Goal of the exercise — Lines below that hold the word "antibody" must be copied in full.
── Dataset excerpts ──
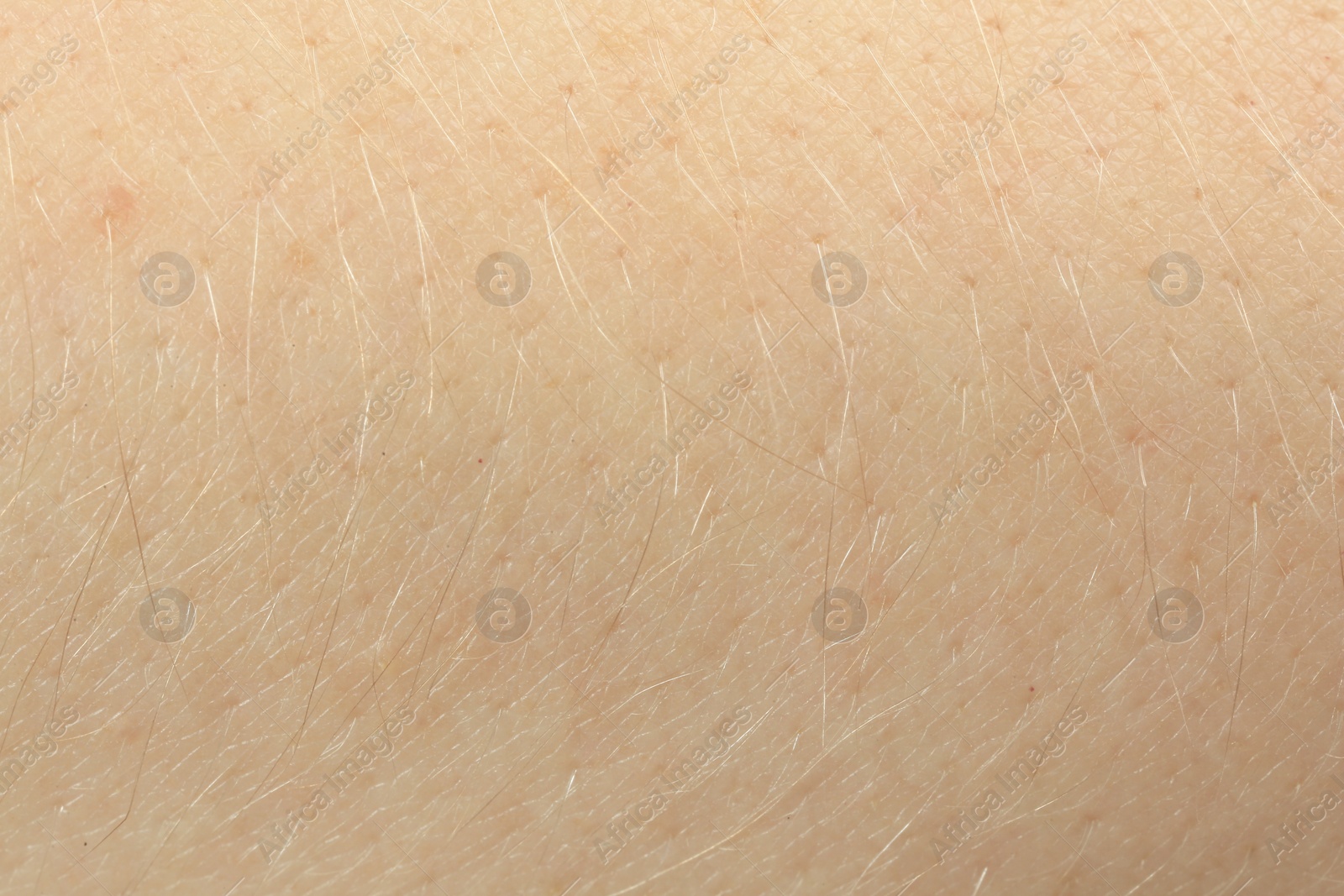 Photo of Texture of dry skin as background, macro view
───
── Dataset excerpts ──
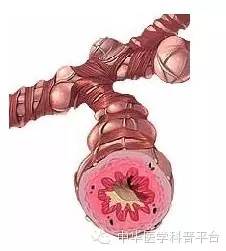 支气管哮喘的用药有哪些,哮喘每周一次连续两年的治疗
───
── Dataset excerpts ──
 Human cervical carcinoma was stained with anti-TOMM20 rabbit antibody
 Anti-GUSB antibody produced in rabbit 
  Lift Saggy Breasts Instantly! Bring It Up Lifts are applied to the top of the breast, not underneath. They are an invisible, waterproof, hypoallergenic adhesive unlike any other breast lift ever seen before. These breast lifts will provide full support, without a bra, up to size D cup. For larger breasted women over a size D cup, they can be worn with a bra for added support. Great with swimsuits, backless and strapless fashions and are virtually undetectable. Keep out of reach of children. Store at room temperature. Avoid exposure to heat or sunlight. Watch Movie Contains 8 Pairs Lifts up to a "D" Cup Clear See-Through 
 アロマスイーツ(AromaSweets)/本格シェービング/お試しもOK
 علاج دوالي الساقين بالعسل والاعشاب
───
Task answer —
 Human cervical carcinoma was stained with anti-TOMM20 rabbit antibody
 Anti-GUSB antibody produced in rabbit 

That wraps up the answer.